You can't rebind a top level reference just like you can't change a top level const. But when they exist in classes you can as of c++20. With c++20 you can rebind references but with significant gotchas. They, rvalue and lvalue refs, delete the defaulted assignment operator so you have to write custom member functions to make such a class generally usable.
Rebinding lvalue refs simply binds it to a different lvalue. rvalue refs bind to a tmp with no name and hence have special characteristics affecting the lifetime of the tmp objects they reference. Their lifetime ends when the scope of the original rvalue refs ends. While, if they are in a class, they can be rebound to a different rvalue the scope of that class object doesn't matter.

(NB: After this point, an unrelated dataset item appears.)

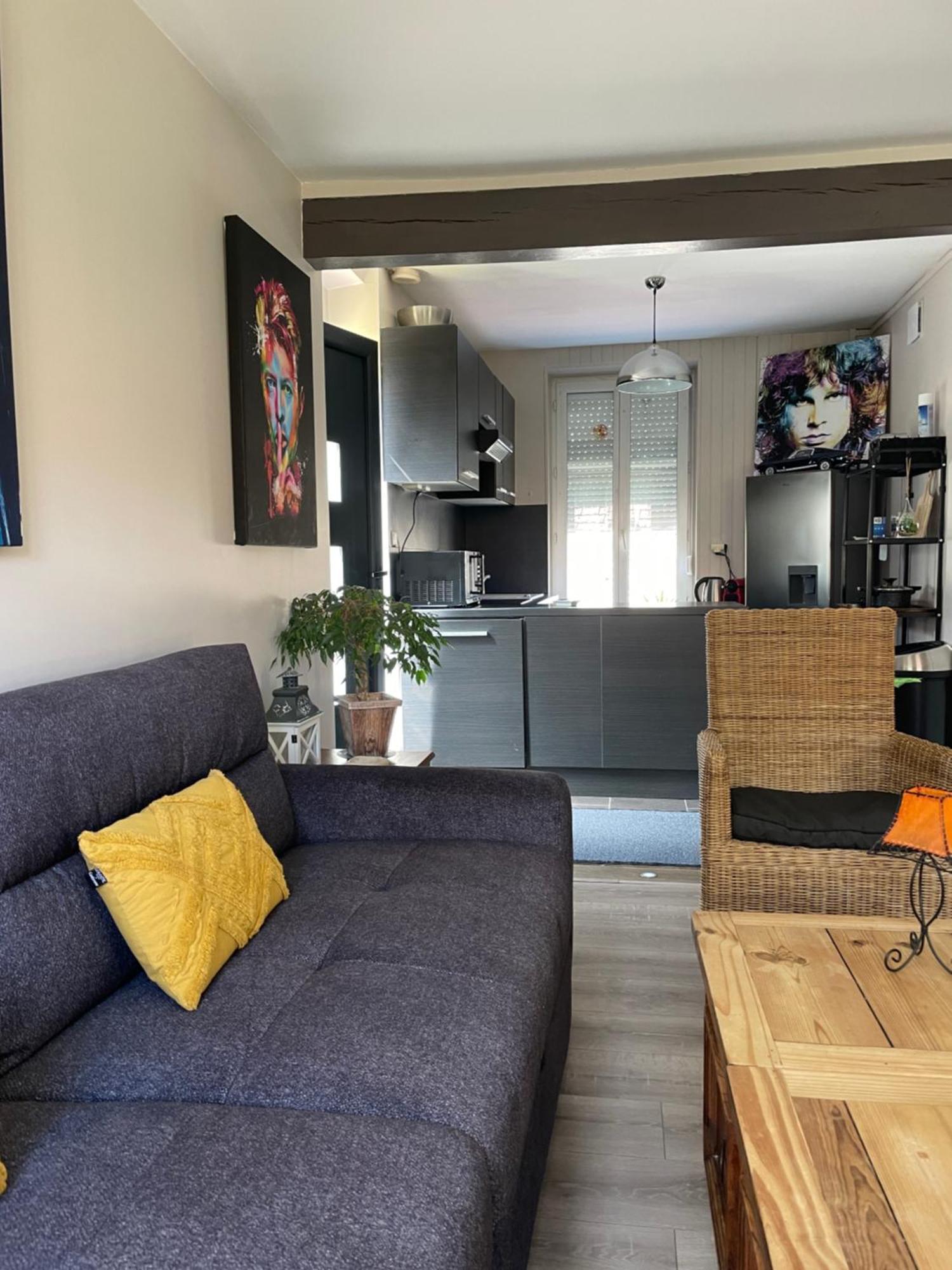 Apartment Agreable Maison De A Sur Eure *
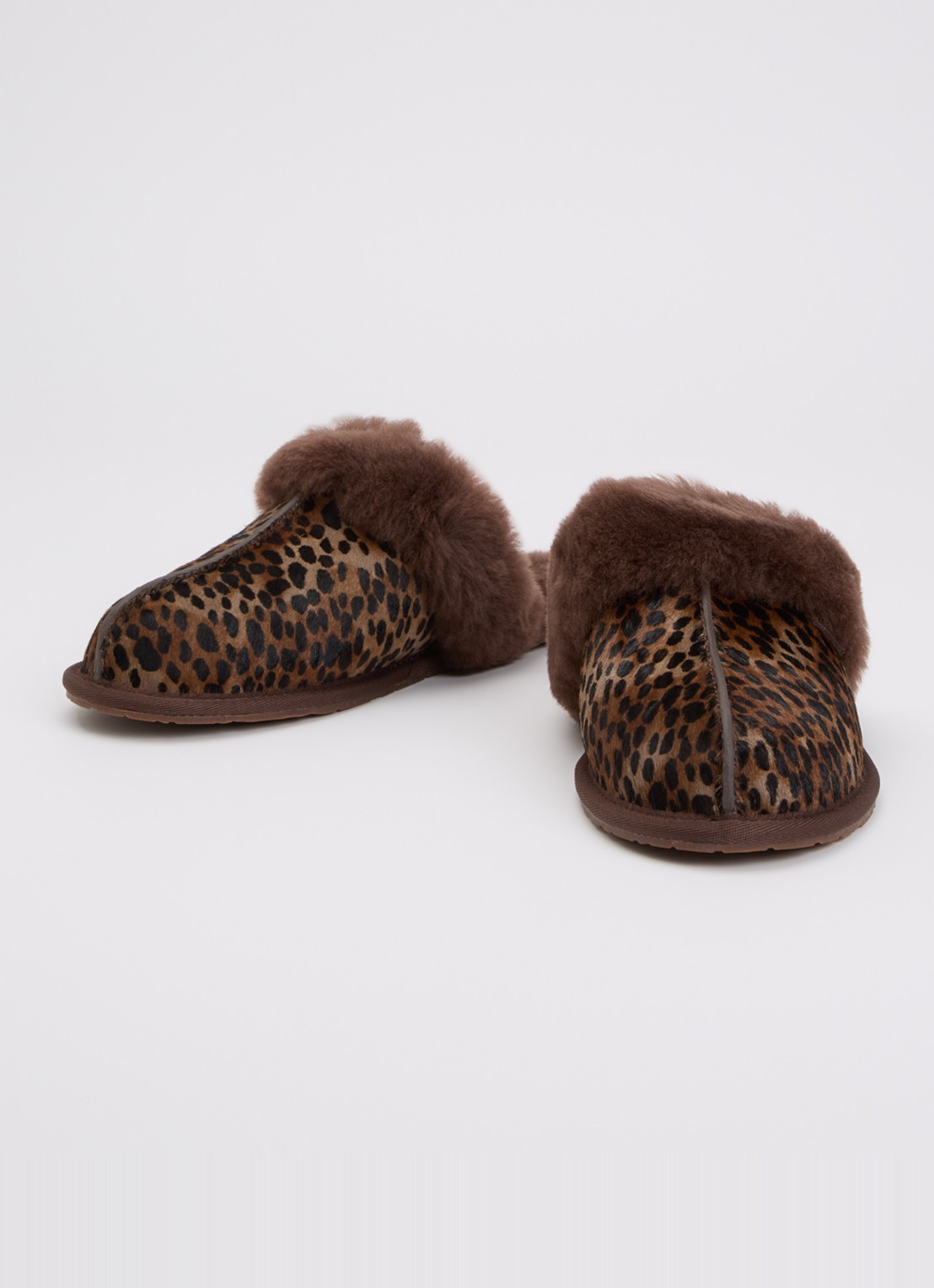 UGG Scuffette Caspian pantoffel van kalfsvacht met panterprint - detail 3 donkerbruin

Rather it's the scope of the initial class object that ends its lifetime.
You can not rebind a top level reference but, as of c++20 you can rebind one that exists in a class using std::construct_at.
Example lvalue ref:
#include <memory>
struct A { int& i; };
inline int f2(int i) {return 2 * i;}
int main() {
float x = 3.14f;
float&& expr = x * x + x * x; // expr binds to the result of an expression
expr = x; // this isn't a rebind, just an assignment to an rvalue reference
float& y = x;
// no way to rebind y. It's an lvalue reference
// and it cannot be changed to refer to another lvalue.
// However, lvalue references that are inside a class can
// be changed since an object of the class can be identified
int i1{ 1 };
int i2{ 2 };
// lvalue reference in a class
A a0{ i1 };
A a1{ i2 };
std::construct_at(&a0, a1); // a now contains a ref to i2;
Here's a program that demonstrates how rebinding an rvalue ref doesn't extend the ref's life even though the object it's rebound to has a longer life.
#include <memory>
#include <iostream>
struct B {
inline static int seq{};
int i;
B() :i(seq++) {}
~B() {std::cout << "dtor " << i << "\n";}
};
B f(){return B();}
struct A {
B&& rref;
};
int main() {
{
A a0{ f() };
std::cout << "a0.rref.i=" << a0.rref.i << "\n";
{
A a1{ f() };
std::construct_at(&a0, std::move(a1)); // a0.rref's tmp now disconnected replaced by a1.rref
std::cout << "a0.rref.i=" << a0.rref.i << "\n";
std::cout << "a1.rref.i=" << a1.rref.i << "\n";
} // the tmp object referred to by both a0.rref and a1.rref, destroyed here when a1 goes out of scope
} // the original tmp, which a0.rref n longer aliases, is destroyed here when a0 coes out of scope
}
/* Outputs *
a0.rref.i=0
a0.rref.i=1
a1.rref.i=1
dtor 1
dtor 0
***********/
Thanks to @HolyBlackCat for setting me straight that rvalue refs can, indeed be rebound. They can even refer to the same tmp object. But watch the lifetimes.
On another note, unlike, lvalue refs, I can't think of a use case for rebinding rvalue refs in a class. And only rarely for lvalue refs in a class.